Laser shines bright in study of macular edema treatments
The first study to compare the long-term effects of two macular edema treatments — a conventional laser procedure and a newer drug therapy — showed surprising results.
Investigators found that the newer drug therapy, the steroid triamcinolone, was less effective than the conventional laser treatment.
Also, after two years, the two main side effects — the need for cataract surgery and the incidence of an increased risk of glaucoma — were significantly higher in eyes treated with the steroid, while visual acuity was better in eyes treated with the laser.
Franco Recchia, M.D., associate professor and chief of the retina division at the Vanderbilt Eye Institute was among the principal investigators involved in what he calls “the most significant trial concerning diabetic retinopathy in 20 years.”
The study, set to appear in the September issue of Ophthalmology, showed that 51 percent of the steroid-treated group had cataract surgery compared with 13 percent of the laser-treated group.
Nearly half the steroid-treated group showed increased eye pressure and 28 percent experienced substantial vision loss, compared with 19 percent of the laser-treated group.
Macular edema, or retinal swelling, is the leading cause of visual impairment in people with diabetes. The retina is the delicate tissue composed of nerves and blood vessels that lines the inside of the back of the eye and is crucial for vision.
High blood sugar causes damage to the blood vessels that nourish the retina. The vessels may become fragile and leak fluid and proteins, causing blurry vision. Nearly 40 percent of people with diabetes develop irreversible vision loss.
For 25 years retinal specialists used the laser procedure to treat diabetic macular edema.
“We knew the traditional therapy was better than nothing in terms of reducing vision loss but was it truly the safest and the best option?” asked Recchia. “When word spread about the steroid injection's success, it was encouraging. Early reports justified a large scale clinical trial.
“As physicians we all were hopeful that another treatment option was on the horizon, but as an investigator you must take an objective approach.”
The multi-center trial, funded by the National Institutes of Health, enrolled a total of 693 patients.
Each patient was randomly assigned to either the conventional laser treatment or to one of two doses of the steroid.
Patients were re-evaluated every four months and were retreated if swelling persisted.
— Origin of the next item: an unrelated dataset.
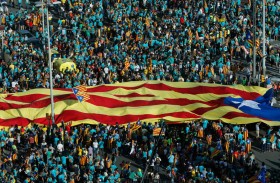 أنصار انفصال كاتالونيا يتظاهرون استباقا للحوار مع مدريد 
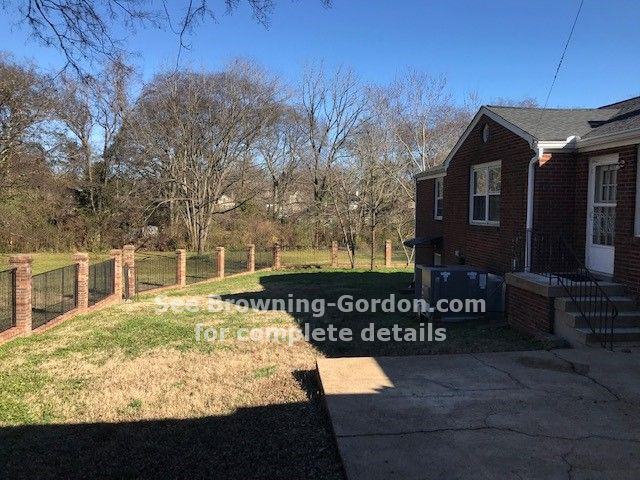 6214 Harding Pike - Photo 3 of 10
If the condition worsened, a patient could switch from the initial treatment group into the other study arm.
Recchia said while the study showed steroid use early on was beneficial, continued use proved to be less effective and potentially harmful.
“This is precisely why this trial needed to be done,” he said. “We needed extended follow up. If we accepted the previous literature that studied patients for only six to nine months and saw that patients were getting better, we would have never learned that the effect was short-lived.
“This is a reminder to both patients and physicians that, while we are certainly aware of and looking to evaluate novel treatments, we also have to be critical of preliminary results and be wary of unequivocally embracing information before an important study can be done.”
Now investigators involved in the Diabetic Retinopathy Clinical Research Network, a coalition focused on multi-center clinical research, are conducting a study comparing a combination therapy using medicines and laser therapy versus laser treatment alone.